Secretary of the Navy Ray Mabus has championed women’s equality in the sea services, leading the charge for women to be integrated into combat roles in the Navy and Marine Corps. On this one point, he has been far off base. In October 2015, he stated, “In the Navy and in the Marine Corps, we are moving towards uniforms that don't divide us as male or female, but rather unite us as sailors or Marines.”

Vice Adm. Robert P. Burke, chief of naval personnel, parroted this sentiment on June 15 to an audience of women service members at the Joint Women’s Leadership Symposium. He suggested that the $350 off-the-shelf price (excluding tailoring and the cost of replacing a serviceable uniform) isn’t that much money to ask only female officers to pay out of pocket.

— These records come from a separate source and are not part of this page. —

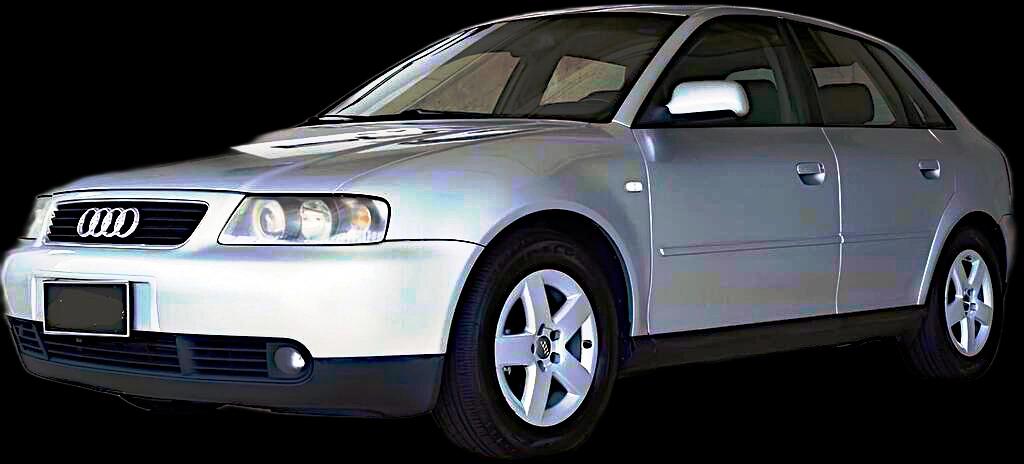 Audi A3 1.8 5p Aut. - 2006 - Gasolina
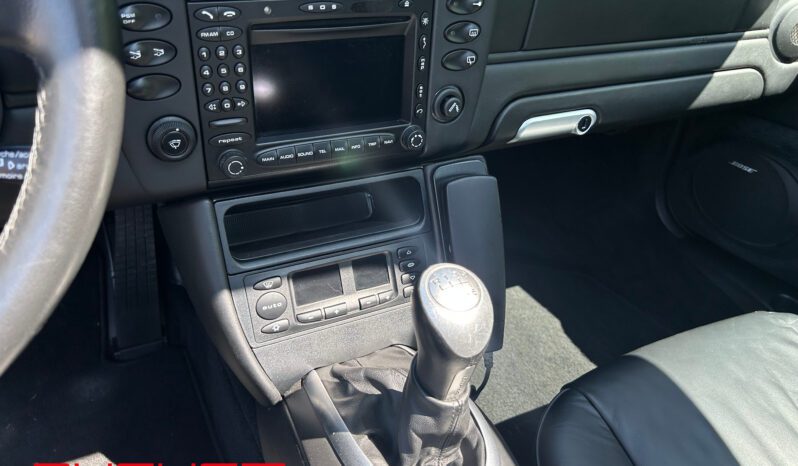 Porsche 996 Turbo 2004 complet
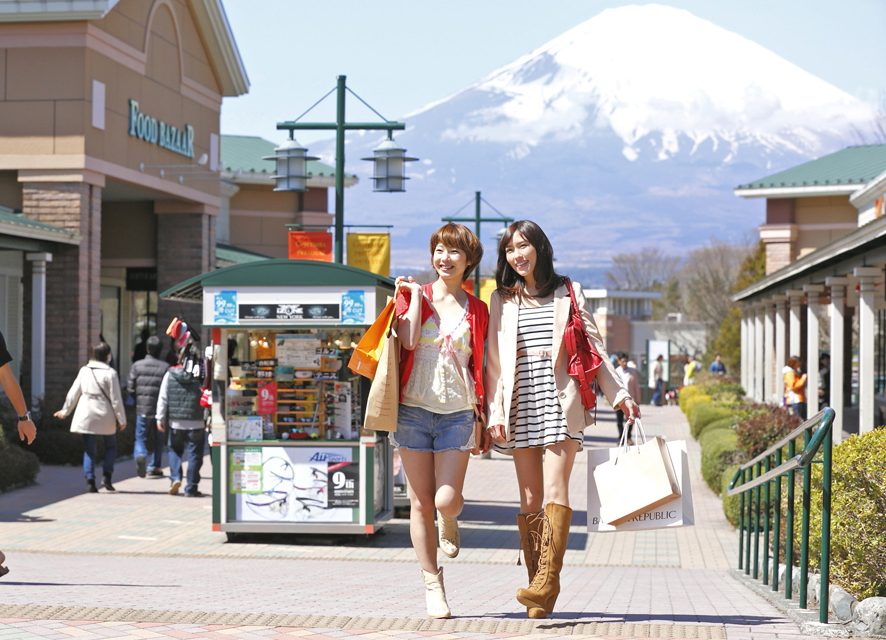 Gotemba Premium Outlets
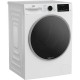 Beko B7WFU69418WBES Πλυντήριο Ρούχων 9kg 1400 Στροφών, Α-50%,ProSmart™ Inverter Motor ,AquaTech™ ,Steamcure with Refreshment,OptiSense®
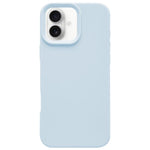 多巴胺簡約仿液態矽膠手機殼，適用於 iPhone 17、iPhone Air、iPhone 16 Pro Max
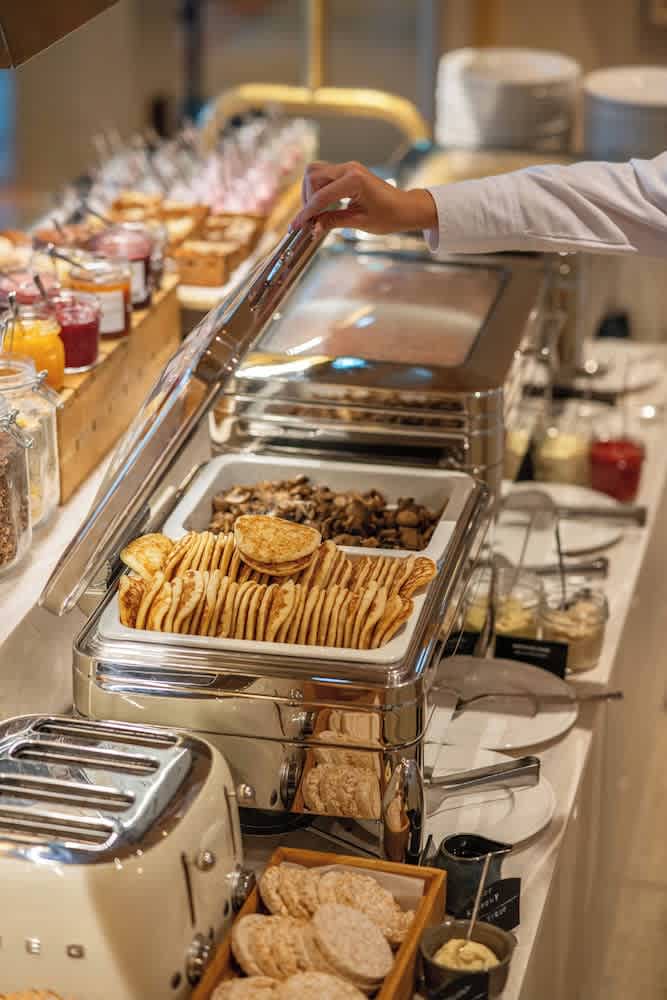Buffetaamiainen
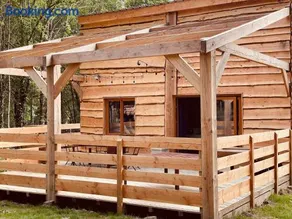 Les Cabanes de Lou-loup écologiques et autonomes - Image 1
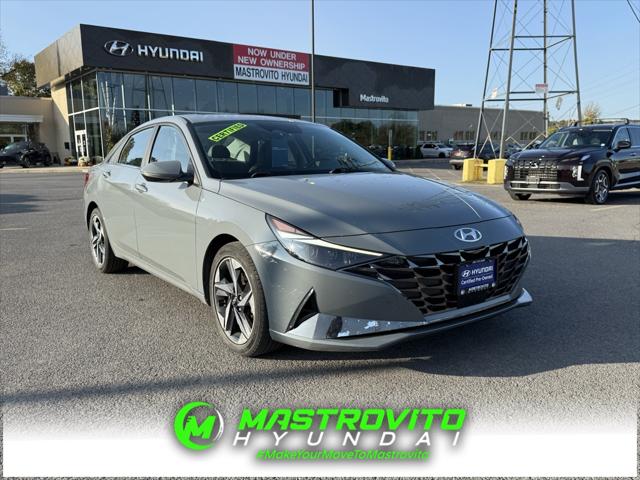 2022 Hyundai Elantra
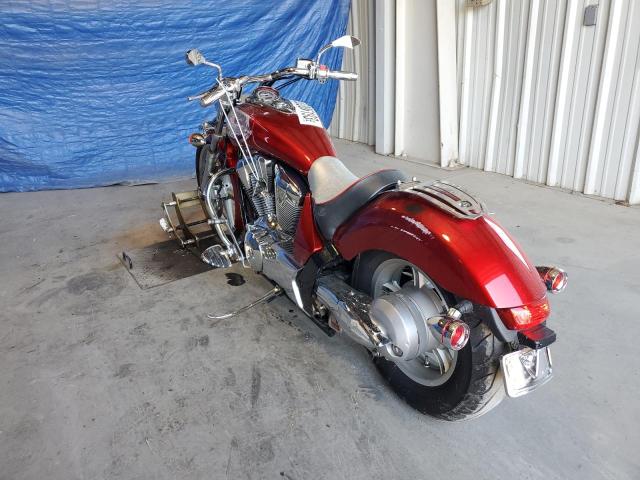2010 HONDA VT1300 CS JH2SC6705AK001019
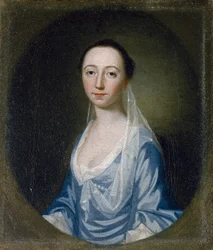 Millicent Watson, ca. 1759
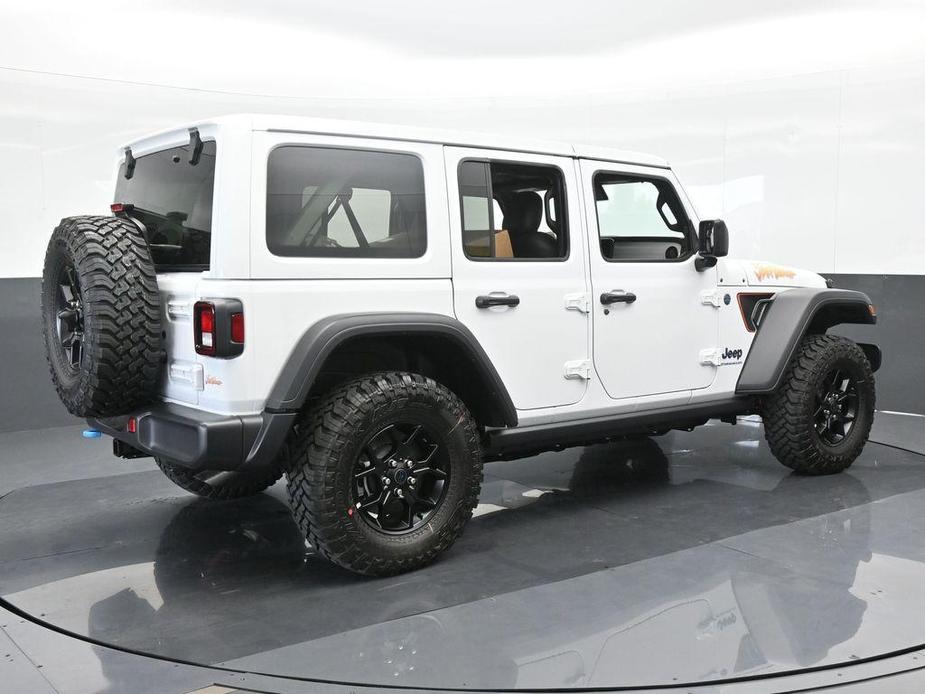 new 2024 Jeep Wrangler 4xe car, priced at $46,949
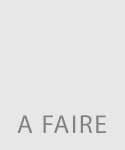 Support bicolore en aluminium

Male sailors are completely unaffected, and female chiefs and sailors will receive a stipend to cover the purchase cost.

While likely not their intentions, it seems like these two men are telling women that they know better than the thousands of women their decisions actually affect. Discussions in online forums for female leaders in the Navy suggest that the Naval Academy wear tests were overwhelmingly against the changes. One of my own previous articles discussing how the uniform changes are discriminatory was followed by female Navy officers writing to Congress. Congress responded by halting the changes in the latest draft of the NDAA for fiscal year 2017, which has already passed the Senate.

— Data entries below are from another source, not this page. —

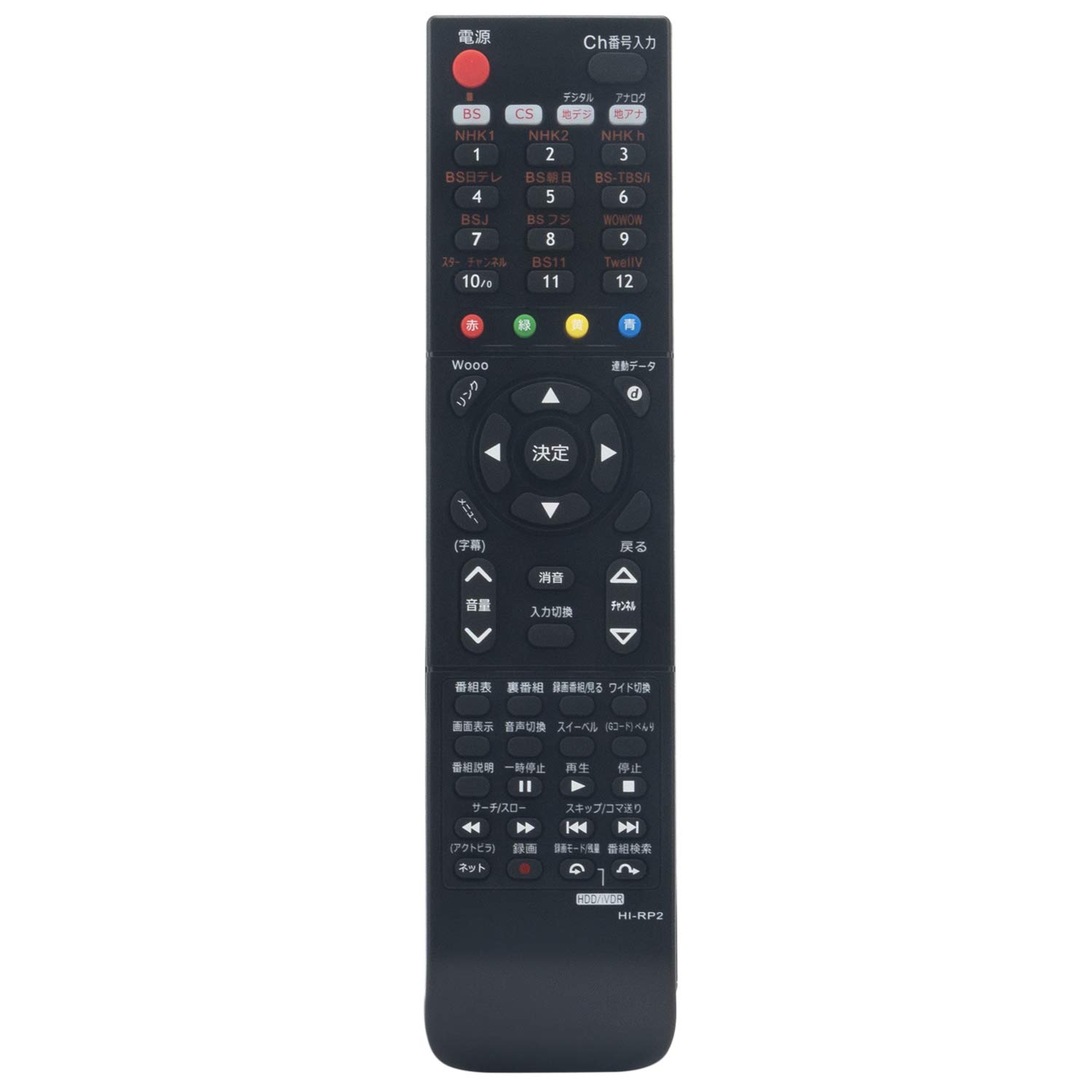 PerFascin C-RP8 C-RP2 C-RS4 C-RP7 C-RP1 C-RP9 C-RS2 C-RS1 C-RP3（代替）Fit For HITACHI(日立) テレビ P37-HR02 P42-HR02 P50-HR02 P50-XR02 L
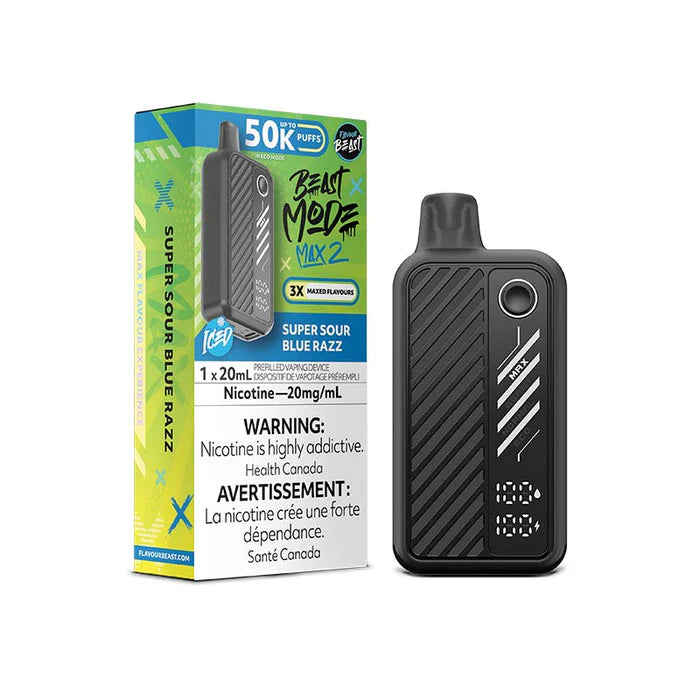 FLAVOUR BEAST BEAST MODE MAX2 50K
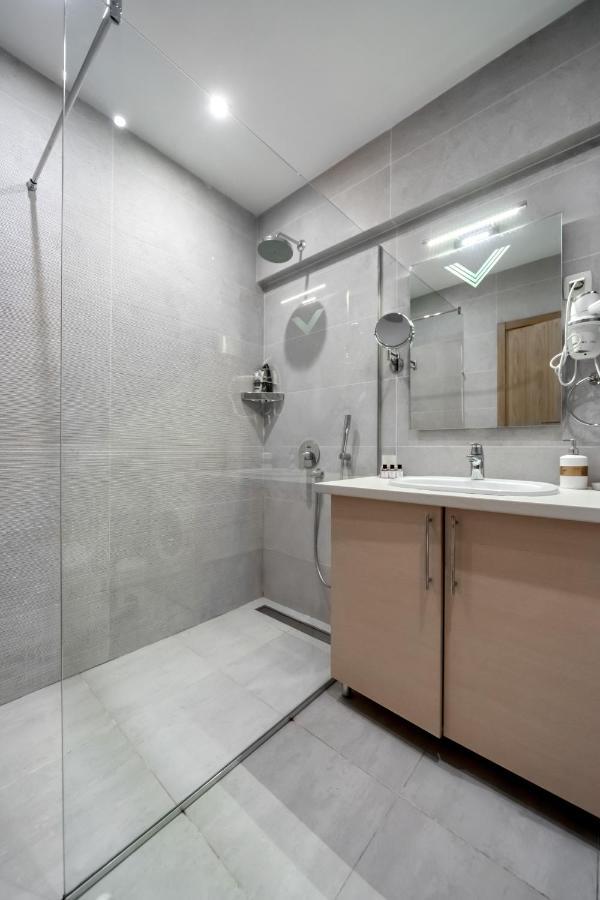 בודווה City Apartments 2 מראה חיצוני תמונה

“A lot of us have wondered how the cover and chokers were pushed through so quickly, and then when we ask about our khaki pants, we are told that that will take time to go through the process,” a female commander told Navy Times in an April 2016 article.

There is a major factor that these Navy leaders just don’t understand, no matter how well-meaning their intentions: Visible representation matters. In this case, people need to clearly see women in uniform in order to understand that women can and do serve in the military. Mabus and Burke are both older white men, a demographic visibly represented among peers, senior leaders, members of elected office, and on television. For them, the concept of underrepresentation is a tough phenomenon to understand because it’s never been a concern for them.

On the 350-mile drive from San Diego to Las Vegas, you pass a Marine Corps recruitment billboard every hour or so. While there are men of color depicted in the ads, there isn’t a single woman depicted in any of them. Those Americans who didn’t serve and don’t know anyone in the military might believe from these posters that only men can be Marines — which could not be further from the truth. Recently, a Navy veteran in North Carolina received a nasty note on her car when she parked in a veteran’s parking space at a supermarket, scolding her for doing so and telling her to “have some respect.” The person who wrote the note couldn’t even grasp the concept that women could be veterans.

By trying to hide female sailors and Marines in formation by putting them in male uniforms, it suggests that leaders are ashamed of women. Servicemen and women can be equal without having to wear the exact same uniform that, when it comes down to it, was designed for men, not women. Should the Department of the Navy not attempt to bolster its recruitment and retention of women by demonstrating that it’s willingness to listen to the opinions of its female officers?

For nearly three decades, women graduating from the Naval Academy were required to wear skirts to commissioning to show the thousands-strong crowd how many women they were. This year, they were required to wear trousers, so that the women were indistinguishable from the men. This is also the first year that all jobs are open to the newly minted female ensigns and second lieutenants. In one fell swoop, a feminist victory for equal opportunity, but a loss in the fact that women have to be visibly hidden in men’s uniforms.

The power of the female dress uniform items — skirts, heels, and the bucket cover — is that wearing them allows female sailors to present strength and femininity at the same time. This sends a silent message that you can serve your country without losing your identity as a woman. It demonstrates pride in our differences. And to those who can see women visibly represented in uniform, it reminds them that women serve: Girls can grow up to be sailors. Women can be disabled veterans needing care at the VA.

One wonders why a move that is so wildly unpopular among women in the military — especially female officers, who are being forced to foot the bill for a change few want — is being push through. When female officers required to pay at least $350 for new uniform items, that’s a donation that might have gone to CFC or the Navy and Marine Corps Relief Society. That’s airfare to fly to see your parents on leave. That’s a large chunk of childcare costs. And it’s now going to the pockets of uniform manufacturers. And it’s insult to injury; the uniform changes are unpopular, but the greatest offense is not only that few want the changes, but that then only one group will be forced to pay for it.

Who profits from these uniform changes that none need and few want, while basic allowance for housing is on the chopping block, and there are unpopular uniform items that have been left unchanged? Why is nobody telling Mabus, who has been an unabashed feminist, that on this one point, the emperor is wearing no clothes? Recent surveys of Navy officers found widespread satisfaction with the current uniform items that are being changed, and widespread dissatisfaction with the khaki and summer white pants, which have been left unchanged — so why these changes?

Part of the problem is that the women affected by the changes are largely powerless to stop it, outside of writing members of Congress. While the order to change the new uniforms is unwanted, unnecessary, and discriminatory, it’s a lawful order that must be obeyed — one cannot simply refuse to buy it once the deadline passes. Another problem is that those closest to the decision makers are likely saying, “yes” to the decision, deeming it not important enough to dissent.

Navy senior leadership is likely stubbornly defending the changes with poor arguments because they don’t want to admit a blunder; they don’t want to listen to widespread dissent; or they think they know better than the thousands of women who don’t want the changes, and are stuck with the bill.